According to the white paper, “Internet 3.0 is a three-dimensional environment that combines the virtual and the real world with intensely immersive and interactive experiences. It is noted that the definition includes components from both the metaverse and Web3.

The assumption that each proposal will shape the internet’s future has been the subject of the hype throughout the past few years. The metaverse is intended to be a collection of online, 3D virtual environments that are interoperable.

The concept of Web3, on the other hand, is a decentralized web built on blockchain and related technologies. However, crypto assets like digital money and non-fungible tokens (NFTs) are frequently referred to as Web3 assets.

Regulations for retail cryptocurrency trading in Hong Kong will be finalized by SFC as of June 1

Along with artificial intelligence, semiconductors, and brain-computer interfaces, blockchain is just one of the major technologies for “internet 3.0” according to the Beijing government. A notable omission from the study is cryptocurrency, as the central government made it clear in September 2021 that dealing in such assets was prohibited in the nation. Despite this, the government has continued to support industry’s embrace and advancement of blockchain technology.

Binance and Huobi stopped allowing users to sign up with Chinese phone lines after the 2021 announcement.

Cryptocurrency creators with Chinese ties, who had fled the nation during earlier crackdowns, are nevertheless applauding the Beijing white paper as encouraging news. Some in the sector rely on regulatory change in Hong Kong to help end a protracted crypto winter and even spark a new bull run, and that the city would serve as a hub for Chinese cryptocurrency activity.

In a retweet of CZ’s post over the weekend, Huobi’s Sun—who also built the blockchain platform Tron—said that China’s “commitment” to Web3 represents a huge step towards realizing the revolutionary potential of decentralized systems and blockchain-based solutions.

Yat Siu tweeted that China released the paper with the intention to… promote the #web3 business after Hong Kong had already started pushing it 6 months ago! Yat Siu is the founder of the blockchain unicorn Animoca, which also runs the metaverse platform The Sandbox and offers virtual parcels of land.

Both CZ and Sun have run into trouble with the law in the US as the regulatory focus on the cryptocurrency business grows internationally. For marketing unregistered securities, Sun was sued by the Securities and Exchange Commission (SEC) in March.

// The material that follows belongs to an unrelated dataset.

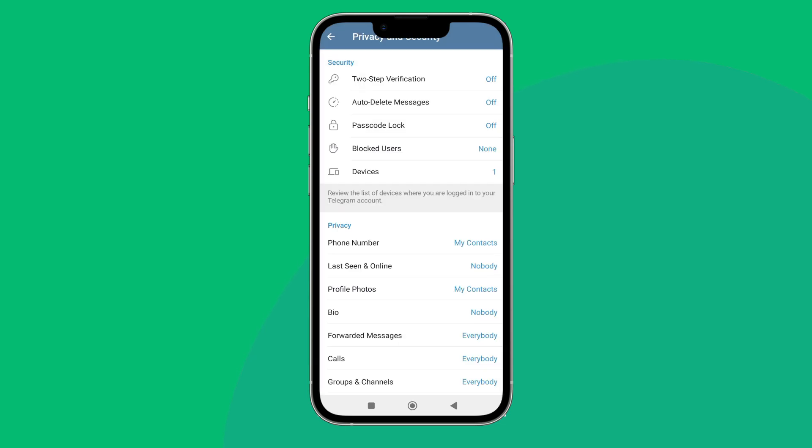So this is how you can change who can see my profile photos to my contacts on Telegram. Thanks for watching. If you found this guide helpful, we would love it if you hit the thumbs up button below.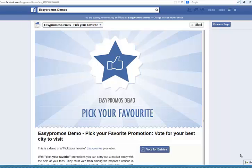When you want to allow people to vote for their favorite item, we call this a Pick Your Favorite contest. This means you do not wish to allow people to enter the contest. You simply want them to vote.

The Commodity Futures Trading Commission filed a lawsuit against Binance and CZ in the same month, alleging that the company was running an illicit exchange with a “false” compliance plan.

In a lawsuit filed the same month, the Commodity Futures Trading Commission identified Binance and CZ as defendants, stating that the business was running an illegal exchange with a “sham” compliance program.

The SEC has filed lawsuits against numerous businesses and people over the past few years for the sale of crypto assets that it deemed to be securities. Entrepreneurs in the cryptocurrency space have criticized the murky regulatory landscape in countries like the US, where there is no formal law governing these assets.

Because of this, some view the developments in Hong Kong as encouraging, hoping it represent a softening of China’s position on cryptocurrencies. Siu from Animoca stated his opinion that there is a connection between the policies in Beijing and Hong Kong.

According to Siu via email, it signifies what Hong Kong has always been: a financial hub that serves as the gateway and financial intermediary into and out of China. Digital assets will function in a similar manner. They think that Hong Kong will see a talent and innovation boom driven by the promise of Web3 and has a chance to lead in this field not just locally but also globally.

CZ referred to CCTV’s portrayal of Hong Kong’s new crypto policy last week as “a big deal” that would trigger a bull run. The report was removed by CCTV the following day.